Segment Open

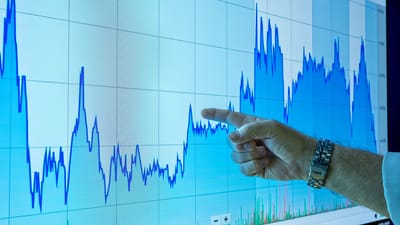 Une main désigne un graphique financier sur un grand écran, indiquant les tendances du marché.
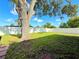 Large backyard features healthy grass, mature trees and a tall, white privacy fence at 2141 Holiday Dr, Holiday, FL 34691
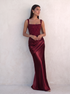 VESPERA BEADED GOWN in burgundy — leaning against a sun-washed plaster wall — Kalii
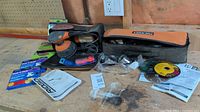 Photo of Rigid variable speed random orbit sander, angle grinder, sanding discs, grinding blades, ear plugs, and operator manuals laid out on a wooden surface.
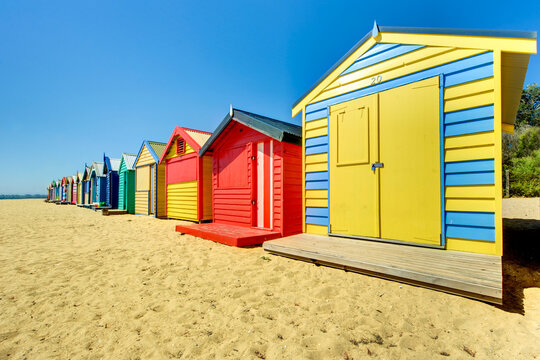 Bright beach huts lined up in vivid colours under a clear blue sky.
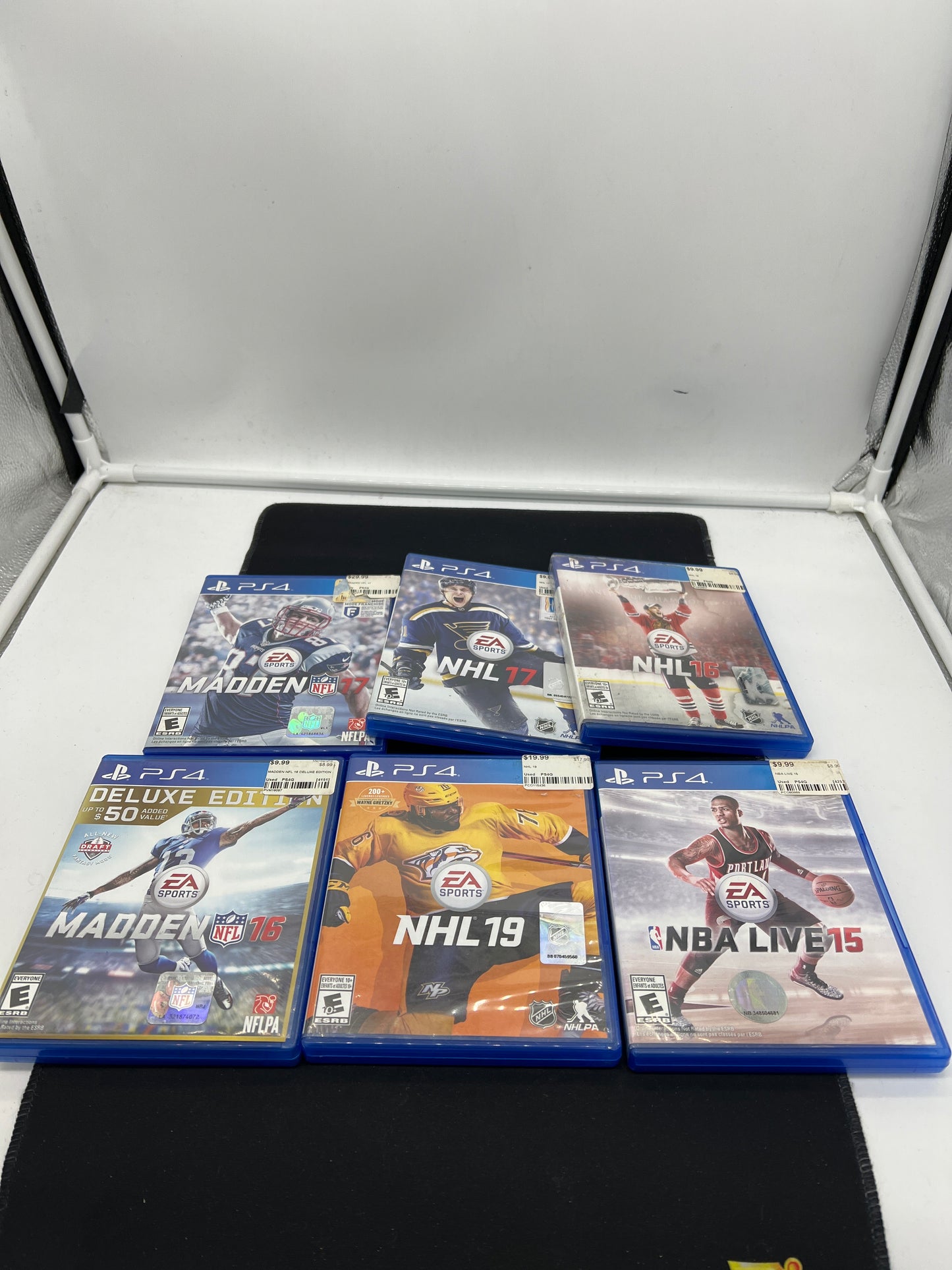 Auction Lot 144: PS4 Video Game Lot of 6 Madden 16 17 NHL 16 17 19 NBA LIVE 15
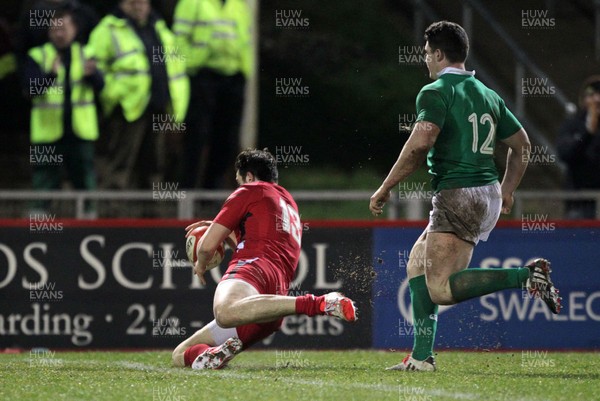 130315 - Wales U20s v Ireland U20s - RBS 6 Nations - Owen Watkin of Wales runs in to score a try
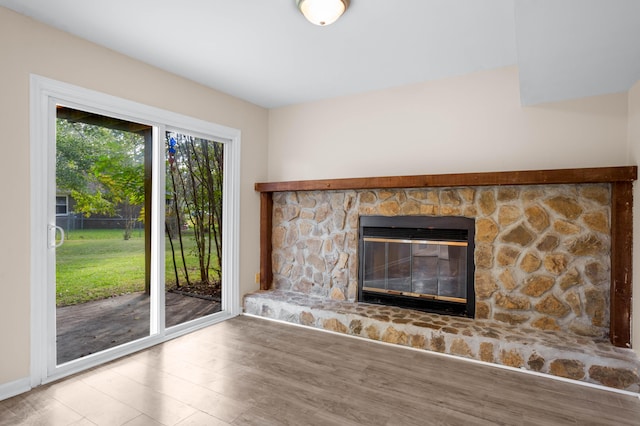 unfurnished living room featuring hardwood / wood-style flooring and a fireplace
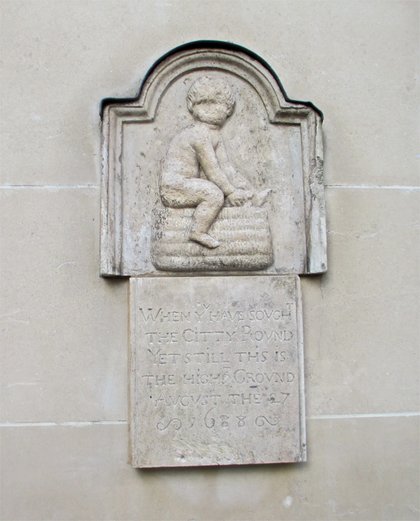 The Panyer Boy, a worn stone relief of a boy seated on a basket, set into a wall in Panyer Alley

Segment Closed

__Brief__. Starting with the line that holds "130315 - Wales", repeat exactly every line through the end of the material above, both ends included, without the pictures.

__Result for this task__.
 130315 - Wales U20s v Ireland U20s - RBS 6 Nations - Owen Watkin of Wales runs in to score a try
 unfurnished living room featuring hardwood / wood-style flooring and a fireplace
 The Panyer Boy, a worn stone relief of a boy seated on a basket, set into a wall in Panyer Alley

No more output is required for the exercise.